> _Records for this exercise_:
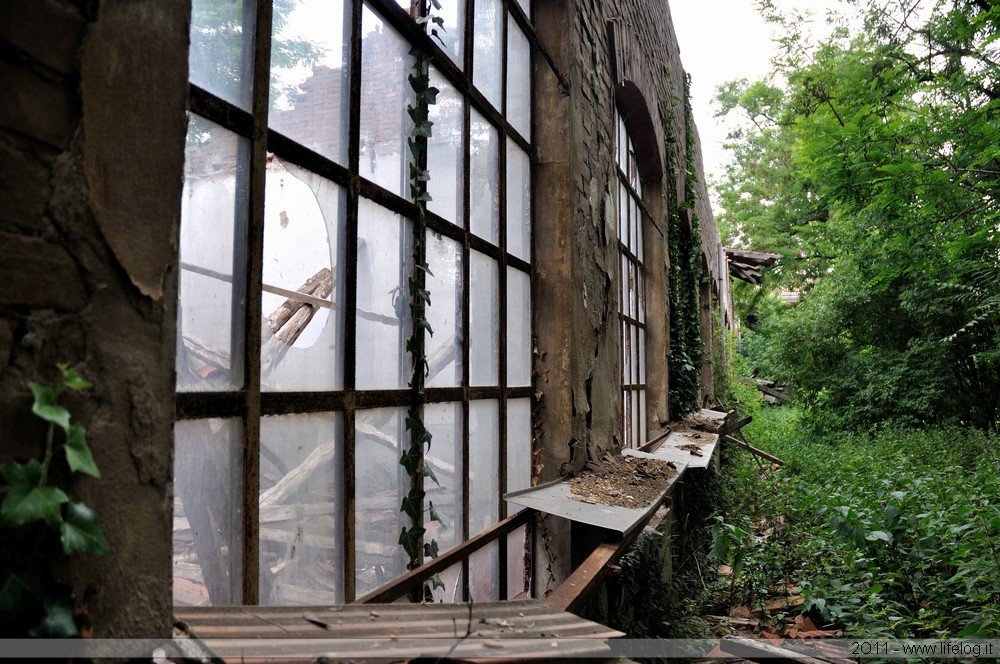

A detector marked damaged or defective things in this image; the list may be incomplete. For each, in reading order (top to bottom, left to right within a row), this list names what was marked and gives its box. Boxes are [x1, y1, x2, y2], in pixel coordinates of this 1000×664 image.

rusted metal window frame [179, 0, 540, 608]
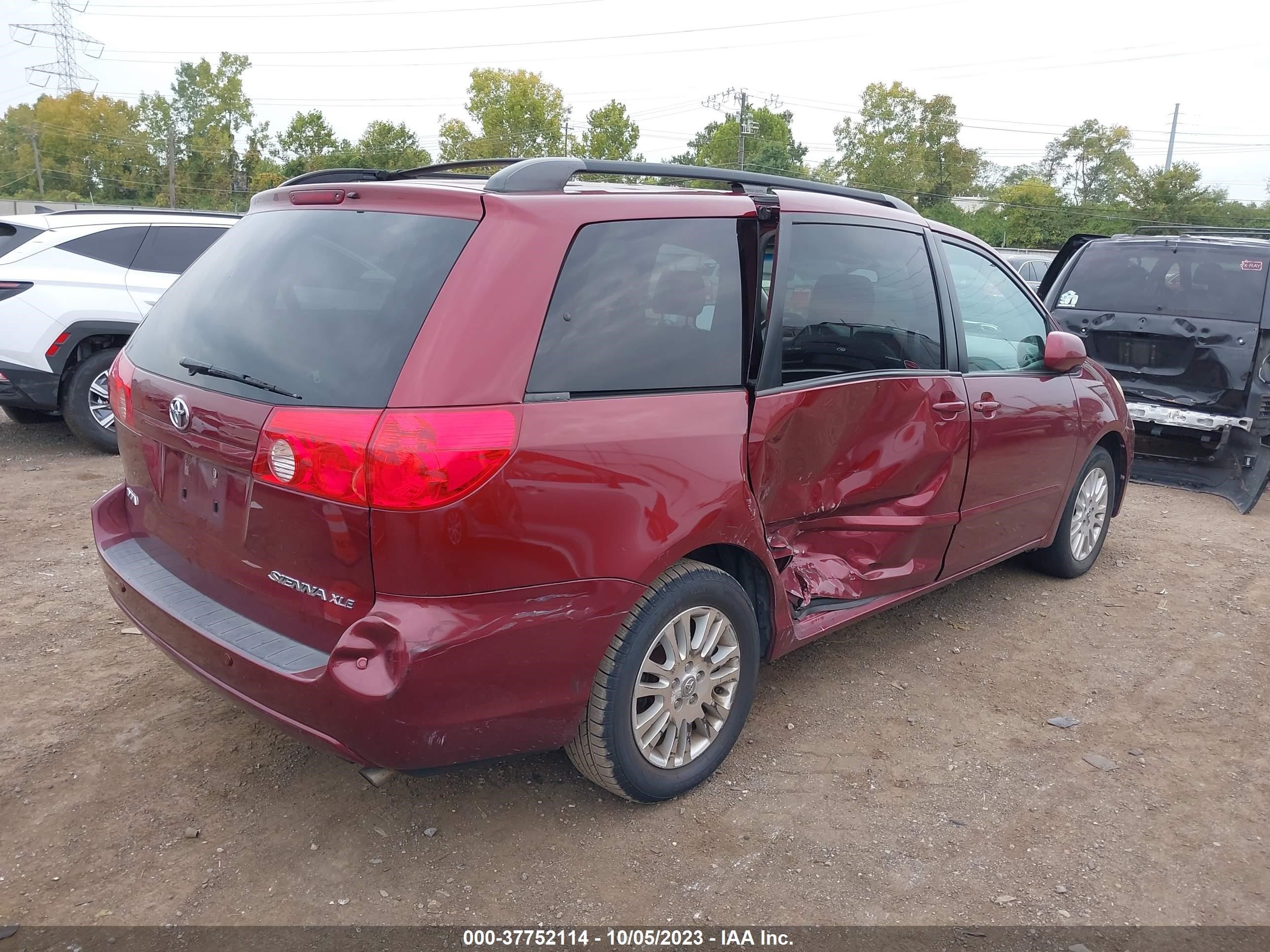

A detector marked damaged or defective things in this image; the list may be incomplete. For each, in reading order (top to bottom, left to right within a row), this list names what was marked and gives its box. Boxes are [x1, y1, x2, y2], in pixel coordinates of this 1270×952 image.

damaged black suv [1041, 230, 1270, 510]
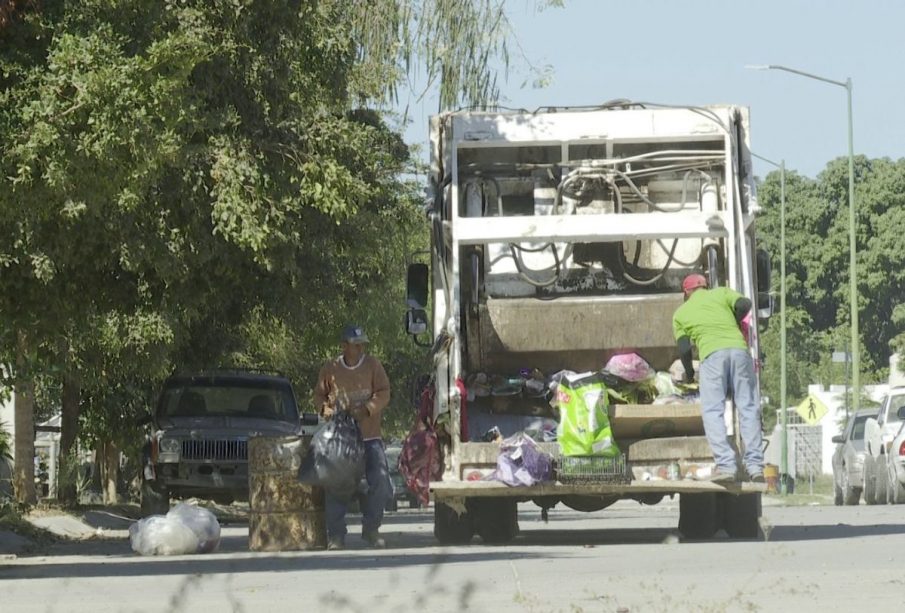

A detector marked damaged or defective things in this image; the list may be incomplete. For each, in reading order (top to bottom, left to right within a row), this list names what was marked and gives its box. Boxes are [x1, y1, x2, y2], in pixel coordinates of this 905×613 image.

rusty metal barrel [247, 436, 324, 548]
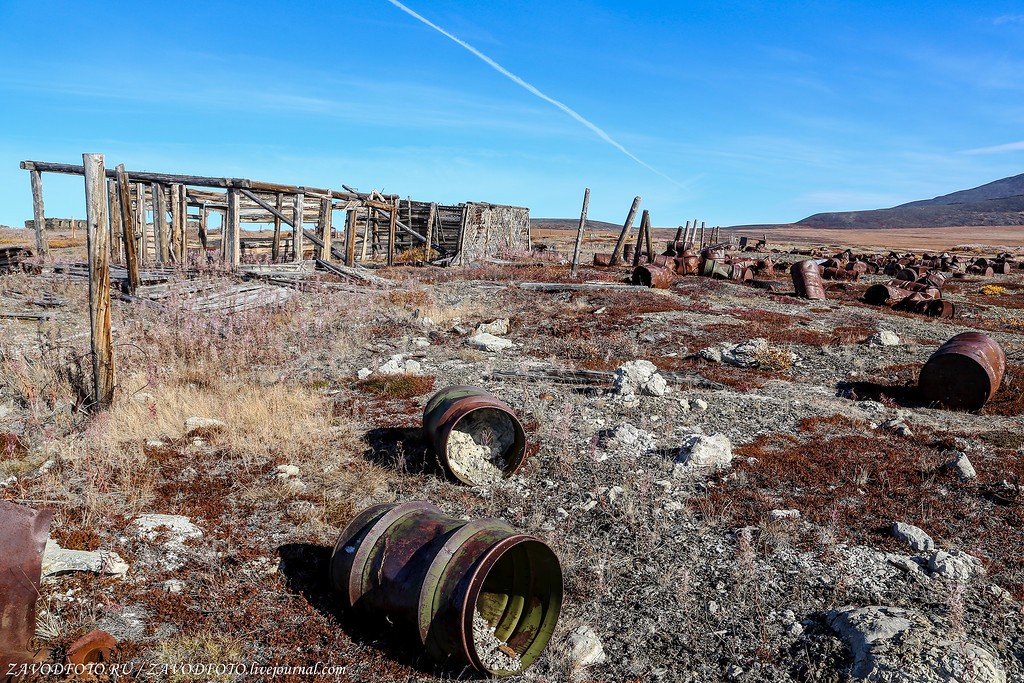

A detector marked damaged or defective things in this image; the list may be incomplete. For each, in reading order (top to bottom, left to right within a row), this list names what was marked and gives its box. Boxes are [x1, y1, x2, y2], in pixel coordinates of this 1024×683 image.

rusted oil drum [626, 264, 675, 286]
rusty metal barrel [634, 264, 675, 288]
rusted oil drum [790, 260, 823, 301]
rusty metal barrel [790, 260, 823, 301]
rusty metal barrel [917, 331, 1003, 411]
rusted oil drum [917, 331, 1003, 411]
rusted barrel lid [917, 331, 1003, 411]
rusted oil drum [421, 387, 528, 489]
rusty metal barrel [421, 387, 528, 489]
rusty metal sheet [0, 499, 52, 675]
rusted oil drum [331, 501, 565, 679]
rusty metal barrel [331, 501, 565, 679]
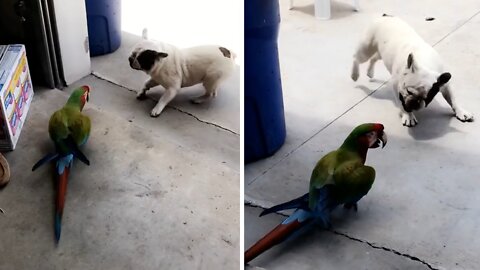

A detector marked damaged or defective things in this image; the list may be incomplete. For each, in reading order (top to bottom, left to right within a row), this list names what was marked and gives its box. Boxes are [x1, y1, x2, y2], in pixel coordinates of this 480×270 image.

crack in concrete [89, 72, 239, 135]
crack in concrete [246, 204, 436, 268]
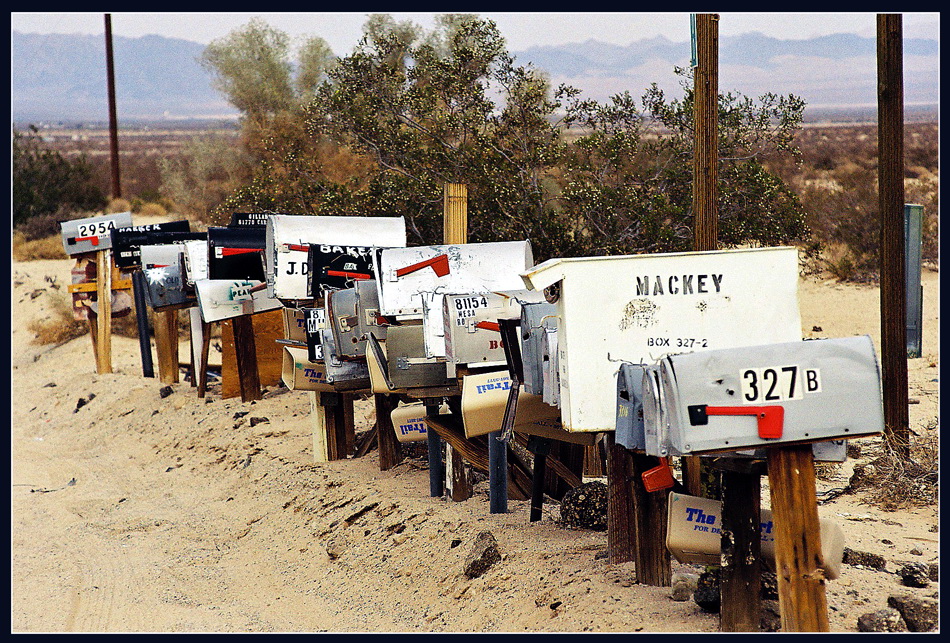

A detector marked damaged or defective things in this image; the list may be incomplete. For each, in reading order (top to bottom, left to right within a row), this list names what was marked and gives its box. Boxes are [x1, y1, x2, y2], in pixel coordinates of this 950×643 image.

rusty mailbox [59, 214, 133, 260]
rusty mailbox [264, 214, 406, 300]
peeling paint on mailbox [520, 247, 804, 432]
rusty mailbox [644, 334, 888, 456]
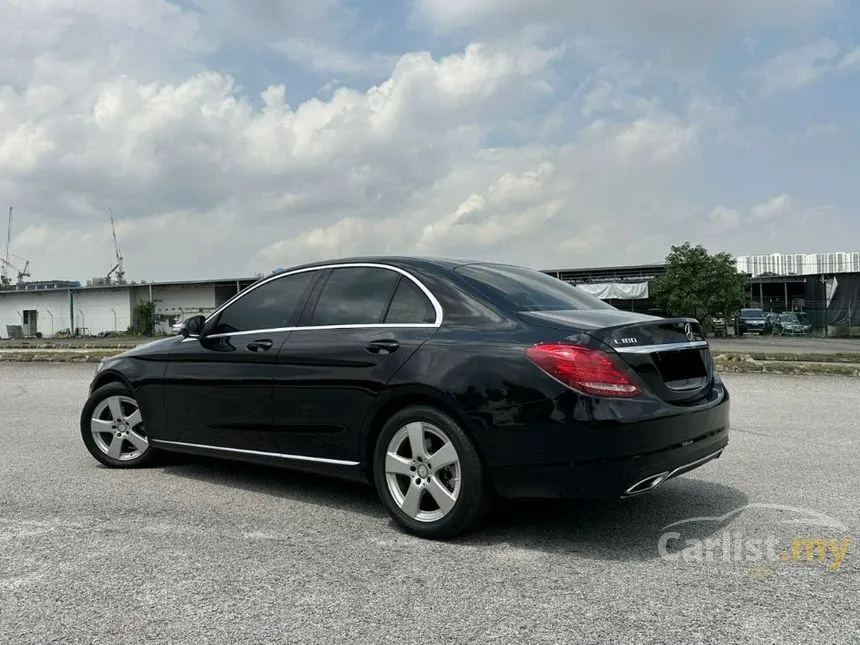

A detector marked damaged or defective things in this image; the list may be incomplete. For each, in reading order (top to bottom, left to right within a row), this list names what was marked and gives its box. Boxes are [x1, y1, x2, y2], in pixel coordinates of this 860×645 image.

cracked asphalt [0, 364, 856, 640]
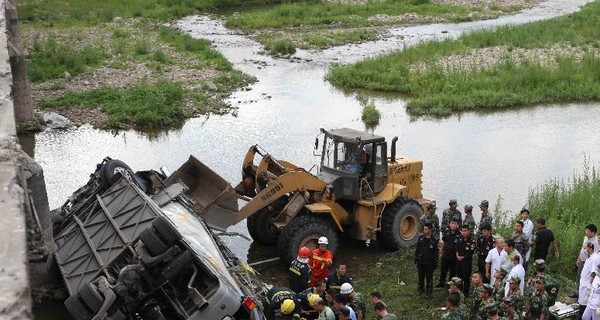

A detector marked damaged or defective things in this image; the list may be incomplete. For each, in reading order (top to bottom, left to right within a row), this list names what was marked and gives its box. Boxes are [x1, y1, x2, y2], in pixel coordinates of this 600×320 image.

overturned bus [51, 157, 268, 320]
damaged vehicle [51, 158, 268, 320]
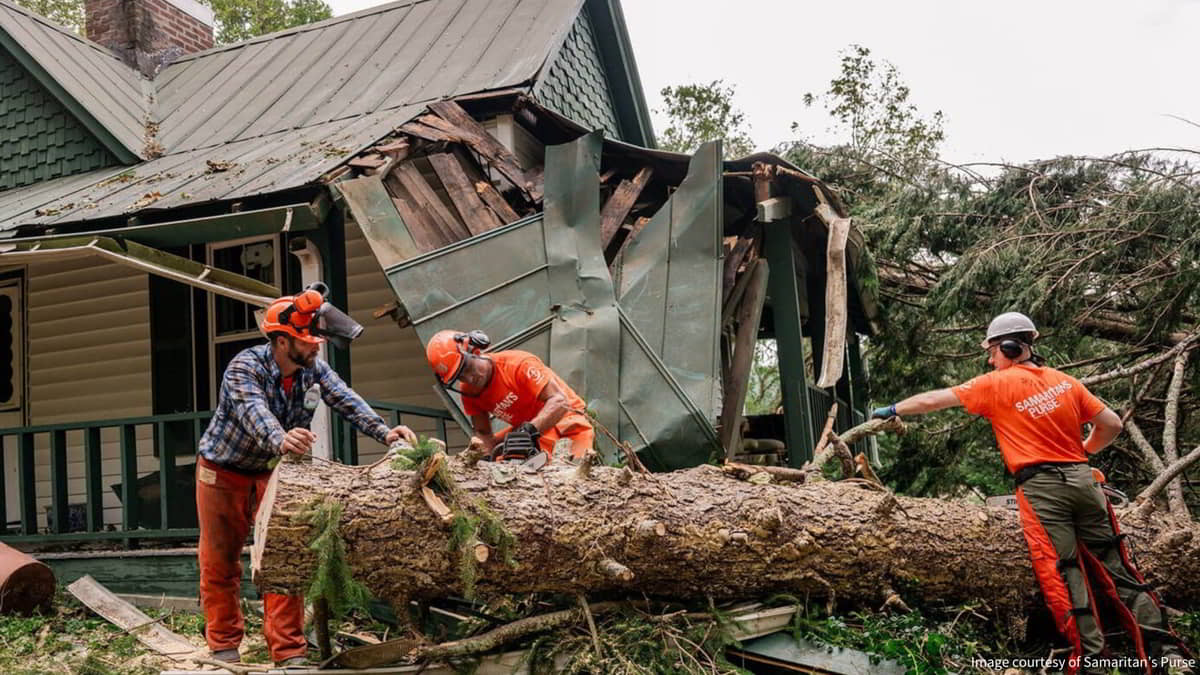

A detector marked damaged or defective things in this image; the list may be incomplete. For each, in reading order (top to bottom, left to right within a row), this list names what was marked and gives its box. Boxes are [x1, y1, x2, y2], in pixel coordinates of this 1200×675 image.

> _Work instruction_:
Leave every picture out and print exactly the lines from the one that contains "this 600×320 image." through the last line of the material above.

> _Solution to the exercise_:
A detector marked damaged or defective things in this image; the list may be incomplete. For each, in reading order (top to bottom, left to right within a row), this list names what was marked and gives its box. Boxes are [x1, y1, x2, y2], in pixel coordinates of this 600×320 image.

overturned bus [51, 157, 268, 320]
damaged vehicle [51, 158, 268, 320]

A detector marked damaged or defective things in this image; the list may be incomplete. For each, in reading order (top to bottom, left to right within a row), this list names what was marked and gives its box. Boxes are [x1, y1, x2, y2], in pixel coordinates of this 1200×675 image.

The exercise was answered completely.